Hooking up vs dating in college
The problem is that we, as a generation, have become so reliant on “hooking up” that we rarely make a more intimate and emotional connection with one another. It's the lack of actual courtship — giving out your phone number, making plans, dinner and a movie, meeting the parents, etc. Young, single ladies nowadays are often wrongfully stereotyped as being “too emotional,” “crazy” or “desperate” for wanting to strike a deeper connection.
All things being equal, 95 percent of female students said they would choose dating over hooking up, and 77.5 percent of men said the same.
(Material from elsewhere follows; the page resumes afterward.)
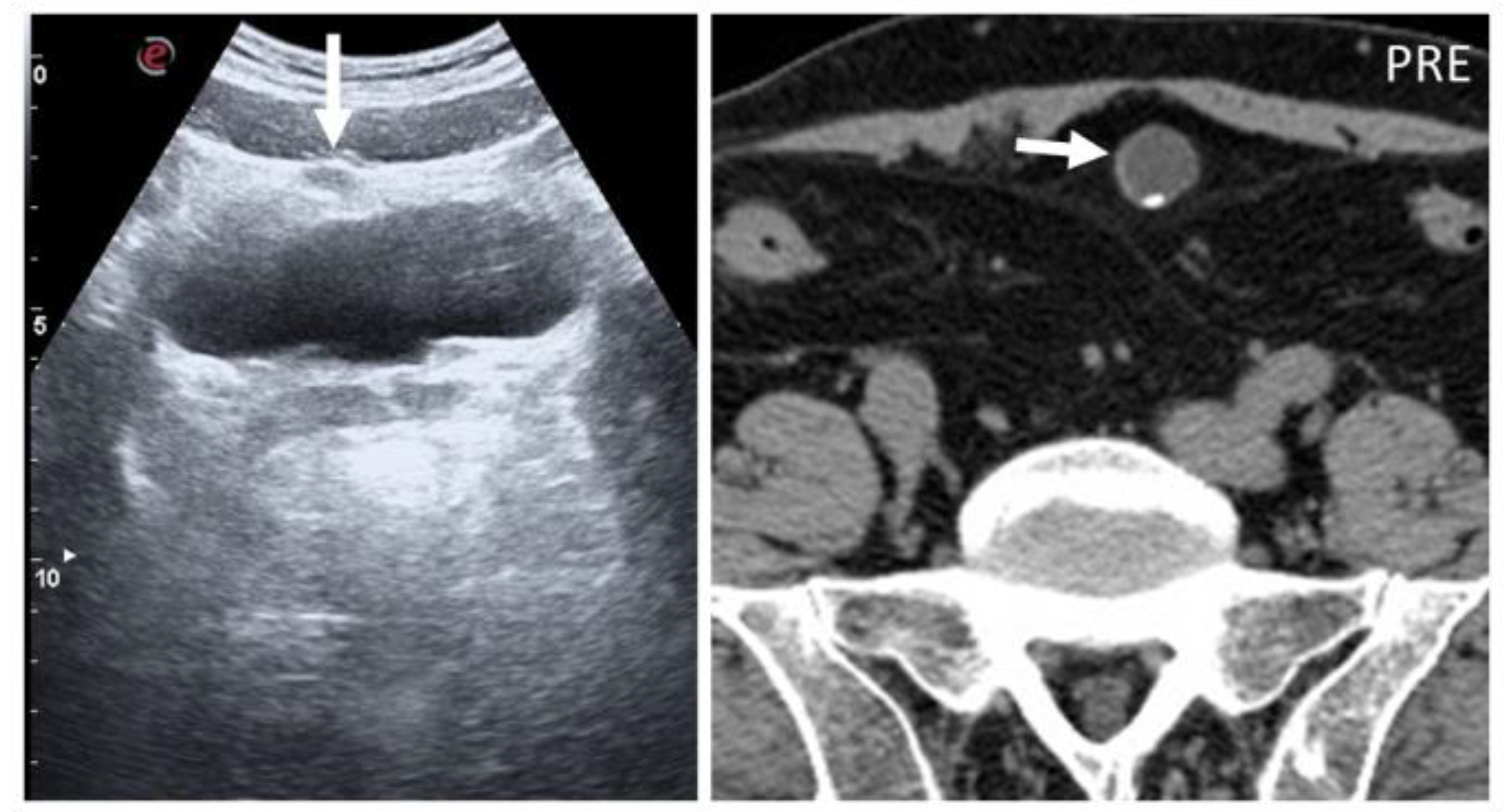 Diagnostics 12 03211 g005 Diagnostics 12 03211 g005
Arnie Kahn, one of three co-authors of the study, which grew out of undergraduate student Carolyn Bradshaw's thesis, says it comes down to something called "pluralistic ignorance." Essentially: Everybody's doing it, so it must be good.In “The Notebook,” Noah wrote Allie 365 love letters, one for every single day they were apart…I'm just trying to get a guy to answer my text messages.One of Kahn's previous studies on the topic found that both men and women overestimated the degree to which the opposite gender enjoyed hooking up -- described in this study as "a sexual encounter, usually lasting only one night, between people who are strangers or brief acquaintances." Furthermore, students overestimated how much members of their own gender liked hooking up."Because everybody else is hooking up you assume that they do it because they like it.